Source data Start Marker

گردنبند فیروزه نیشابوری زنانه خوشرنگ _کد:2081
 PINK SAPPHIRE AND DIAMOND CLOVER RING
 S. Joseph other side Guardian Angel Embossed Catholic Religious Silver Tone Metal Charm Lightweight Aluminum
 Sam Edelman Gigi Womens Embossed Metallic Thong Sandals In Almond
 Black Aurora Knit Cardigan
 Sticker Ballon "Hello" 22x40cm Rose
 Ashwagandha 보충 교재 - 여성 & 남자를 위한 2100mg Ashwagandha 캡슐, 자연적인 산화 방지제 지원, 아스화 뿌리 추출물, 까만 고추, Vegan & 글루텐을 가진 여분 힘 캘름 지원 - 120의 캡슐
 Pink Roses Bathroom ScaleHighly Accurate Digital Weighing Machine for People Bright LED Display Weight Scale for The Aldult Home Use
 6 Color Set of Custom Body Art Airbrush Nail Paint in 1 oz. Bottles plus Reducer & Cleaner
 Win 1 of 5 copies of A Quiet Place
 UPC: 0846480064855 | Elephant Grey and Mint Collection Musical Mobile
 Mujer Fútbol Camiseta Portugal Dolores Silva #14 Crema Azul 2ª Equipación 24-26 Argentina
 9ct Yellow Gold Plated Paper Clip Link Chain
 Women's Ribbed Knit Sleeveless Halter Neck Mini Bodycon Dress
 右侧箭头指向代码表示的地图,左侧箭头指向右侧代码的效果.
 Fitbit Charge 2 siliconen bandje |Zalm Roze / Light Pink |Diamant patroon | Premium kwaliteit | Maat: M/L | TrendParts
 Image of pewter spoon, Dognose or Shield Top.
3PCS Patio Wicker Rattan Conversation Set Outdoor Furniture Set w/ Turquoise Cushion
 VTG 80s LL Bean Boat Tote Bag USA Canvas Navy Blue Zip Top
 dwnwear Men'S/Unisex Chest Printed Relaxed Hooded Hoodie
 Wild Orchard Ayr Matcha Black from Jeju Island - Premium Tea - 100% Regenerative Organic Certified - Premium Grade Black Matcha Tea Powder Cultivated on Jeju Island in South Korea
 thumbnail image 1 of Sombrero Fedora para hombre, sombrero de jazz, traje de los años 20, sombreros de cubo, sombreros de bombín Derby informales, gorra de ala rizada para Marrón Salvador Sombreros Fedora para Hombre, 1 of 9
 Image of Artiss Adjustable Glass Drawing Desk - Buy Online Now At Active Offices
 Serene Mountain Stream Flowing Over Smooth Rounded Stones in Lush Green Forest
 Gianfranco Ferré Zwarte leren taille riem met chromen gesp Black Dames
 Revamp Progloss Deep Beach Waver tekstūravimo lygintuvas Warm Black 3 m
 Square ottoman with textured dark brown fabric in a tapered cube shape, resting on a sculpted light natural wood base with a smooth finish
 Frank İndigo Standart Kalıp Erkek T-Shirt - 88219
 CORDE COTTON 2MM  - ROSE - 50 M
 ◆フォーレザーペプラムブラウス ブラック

Source data End Marker

The problem —
You are asked to reproduce word for word the line containing "VTG 80s LL Bean" and every subsequent line through the end of the entries.

Finished exercise —
 VTG 80s LL Bean Boat Tote Bag USA Canvas Navy Blue Zip Top
 dwnwear Men'S/Unisex Chest Printed Relaxed Hooded Hoodie
 Wild Orchard Ayr Matcha Black from Jeju Island - Premium Tea - 100% Regenerative Organic Certified - Premium Grade Black Matcha Tea Powder Cultivated on Jeju Island in South Korea
 thumbnail image 1 of Sombrero Fedora para hombre, sombrero de jazz, traje de los años 20, sombreros de cubo, sombreros de bombín Derby informales, gorra de ala rizada para Marrón Salvador Sombreros Fedora para Hombre, 1 of 9
 Image of Artiss Adjustable Glass Drawing Desk - Buy Online Now At Active Offices
 Serene Mountain Stream Flowing Over Smooth Rounded Stones in Lush Green Forest
 Gianfranco Ferré Zwarte leren taille riem met chromen gesp Black Dames
 Revamp Progloss Deep Beach Waver tekstūravimo lygintuvas Warm Black 3 m
 Square ottoman with textured dark brown fabric in a tapered cube shape, resting on a sculpted light natural wood base with a smooth finish
 Frank İndigo Standart Kalıp Erkek T-Shirt - 88219
 CORDE COTTON 2MM  - ROSE - 50 M
 ◆フォーレザーペプラムブラウス ブラック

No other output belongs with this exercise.